In 1970 William Wyler and scriptwriter Jesse Hill Ford purveyed a sturdy film about poisonous race relations in the 1960s South—The Liberation of L.B. Jones. Herein, a rich black undertaker, L.B. Jones (Roscoe Lee Browne), is determined to divorce his floozy wife (Lola Falana) for regularly sleeping with a white policeman (Anthony Zerbe). L.B.’s powerful lawyer, Oman Hedgepath (Lee J. Cobb), is a not-very-demonstrative racist bothered that a trial will destroy the white cop’s reputation in the community and so he warns the man, a demonstrative racist, about it.

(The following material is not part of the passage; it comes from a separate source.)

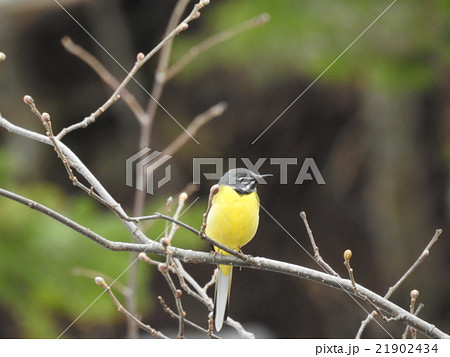 春を待つキセキレイ 21902434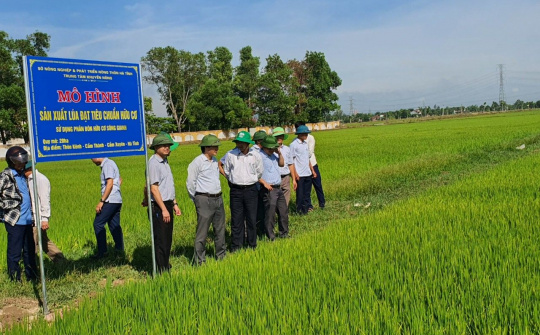 Công ty Sông Gianh: Sản xuất lúa hữu cơ, hướng đi tất yếu của một nền nông nghiệp sạch-bền vững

Horror ensues.
Based on Ford’s novel, the film is about racial pride and its fruit of injustice. Wyler made it as disturbing as The Collector. Certifiably it is not irrelevant to 2022 but, thank Heaven, it ain’t the Jayland Walker story either. Walker was shot to death after leading cops on a high-speed car chase and allegedly firing a gun from the car’s window. What goes on in L.B. Jones is far graver; it is genuine racism.
The movie has minor flaws—example: Browne and Lee Majors are boring actors here—and many virtues. It should be seen. It was, alas, Wyler’s last film.